» **TRY IT**
In the material below, the lines from the one containing "AufBliK Character Map" through the one containing "6 scarce Original" are to be given again exactly, ends included, and no others.

(Beginning of INPUT DATA)

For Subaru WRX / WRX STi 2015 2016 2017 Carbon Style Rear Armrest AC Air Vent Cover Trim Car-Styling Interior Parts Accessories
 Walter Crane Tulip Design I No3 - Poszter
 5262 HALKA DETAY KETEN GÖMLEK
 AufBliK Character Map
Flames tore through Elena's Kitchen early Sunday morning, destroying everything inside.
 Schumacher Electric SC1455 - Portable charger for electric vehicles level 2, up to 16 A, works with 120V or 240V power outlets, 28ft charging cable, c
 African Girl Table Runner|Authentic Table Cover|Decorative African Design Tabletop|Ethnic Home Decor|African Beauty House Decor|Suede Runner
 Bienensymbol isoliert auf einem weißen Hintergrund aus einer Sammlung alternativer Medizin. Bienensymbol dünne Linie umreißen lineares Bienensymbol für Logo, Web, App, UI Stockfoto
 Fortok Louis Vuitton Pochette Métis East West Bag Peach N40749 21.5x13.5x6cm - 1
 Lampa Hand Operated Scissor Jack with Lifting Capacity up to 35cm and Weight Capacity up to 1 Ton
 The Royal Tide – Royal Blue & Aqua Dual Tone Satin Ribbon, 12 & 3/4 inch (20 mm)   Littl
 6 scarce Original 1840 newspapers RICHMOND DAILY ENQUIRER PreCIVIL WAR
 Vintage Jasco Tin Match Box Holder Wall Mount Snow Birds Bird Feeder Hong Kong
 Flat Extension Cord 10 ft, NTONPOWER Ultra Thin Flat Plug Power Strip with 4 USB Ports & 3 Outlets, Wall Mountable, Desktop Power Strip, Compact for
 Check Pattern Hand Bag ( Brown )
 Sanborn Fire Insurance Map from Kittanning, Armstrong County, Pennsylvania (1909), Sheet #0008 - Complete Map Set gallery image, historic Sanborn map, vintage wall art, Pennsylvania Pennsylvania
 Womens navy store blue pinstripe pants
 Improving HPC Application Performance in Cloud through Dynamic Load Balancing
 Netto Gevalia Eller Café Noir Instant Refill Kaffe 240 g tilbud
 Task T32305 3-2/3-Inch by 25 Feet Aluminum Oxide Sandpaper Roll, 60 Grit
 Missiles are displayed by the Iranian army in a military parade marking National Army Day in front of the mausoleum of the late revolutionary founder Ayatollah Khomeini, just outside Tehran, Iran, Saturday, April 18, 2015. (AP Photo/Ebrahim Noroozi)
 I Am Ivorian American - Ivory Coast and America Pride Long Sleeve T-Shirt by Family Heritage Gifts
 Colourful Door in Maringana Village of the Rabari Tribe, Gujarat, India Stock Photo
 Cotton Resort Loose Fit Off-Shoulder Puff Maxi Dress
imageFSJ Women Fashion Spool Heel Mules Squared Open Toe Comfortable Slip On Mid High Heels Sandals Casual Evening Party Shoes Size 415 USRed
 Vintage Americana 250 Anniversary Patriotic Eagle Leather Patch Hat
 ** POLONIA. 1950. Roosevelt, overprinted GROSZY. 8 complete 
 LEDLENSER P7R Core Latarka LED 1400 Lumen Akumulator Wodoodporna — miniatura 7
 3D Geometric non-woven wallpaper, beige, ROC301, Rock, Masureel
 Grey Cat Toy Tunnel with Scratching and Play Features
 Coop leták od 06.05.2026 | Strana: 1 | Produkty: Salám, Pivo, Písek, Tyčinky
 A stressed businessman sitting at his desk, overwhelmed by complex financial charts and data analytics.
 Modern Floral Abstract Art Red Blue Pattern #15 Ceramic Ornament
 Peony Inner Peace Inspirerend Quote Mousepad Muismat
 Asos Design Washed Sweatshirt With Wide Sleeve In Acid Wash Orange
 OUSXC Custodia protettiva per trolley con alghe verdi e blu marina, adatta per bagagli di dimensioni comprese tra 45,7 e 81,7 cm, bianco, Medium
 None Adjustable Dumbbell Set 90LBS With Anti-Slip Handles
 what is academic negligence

(End of INPUT DATA)

» **RESULT OF THE TASK**
 AufBliK Character Map
Flames tore through Elena's Kitchen early Sunday morning, destroying everything inside.
 Schumacher Electric SC1455 - Portable charger for electric vehicles level 2, up to 16 A, works with 120V or 240V power outlets, 28ft charging cable, c
 African Girl Table Runner|Authentic Table Cover|Decorative African Design Tabletop|Ethnic Home Decor|African Beauty House Decor|Suede Runner
 Bienensymbol isoliert auf einem weißen Hintergrund aus einer Sammlung alternativer Medizin. Bienensymbol dünne Linie umreißen lineares Bienensymbol für Logo, Web, App, UI Stockfoto
 Fortok Louis Vuitton Pochette Métis East West Bag Peach N40749 21.5x13.5x6cm - 1
 Lampa Hand Operated Scissor Jack with Lifting Capacity up to 35cm and Weight Capacity up to 1 Ton
 The Royal Tide – Royal Blue & Aqua Dual Tone Satin Ribbon, 12 & 3/4 inch (20 mm)   Littl
 6 scarce Original 1840 newspapers RICHMOND DAILY ENQUIRER PreCIVIL WAR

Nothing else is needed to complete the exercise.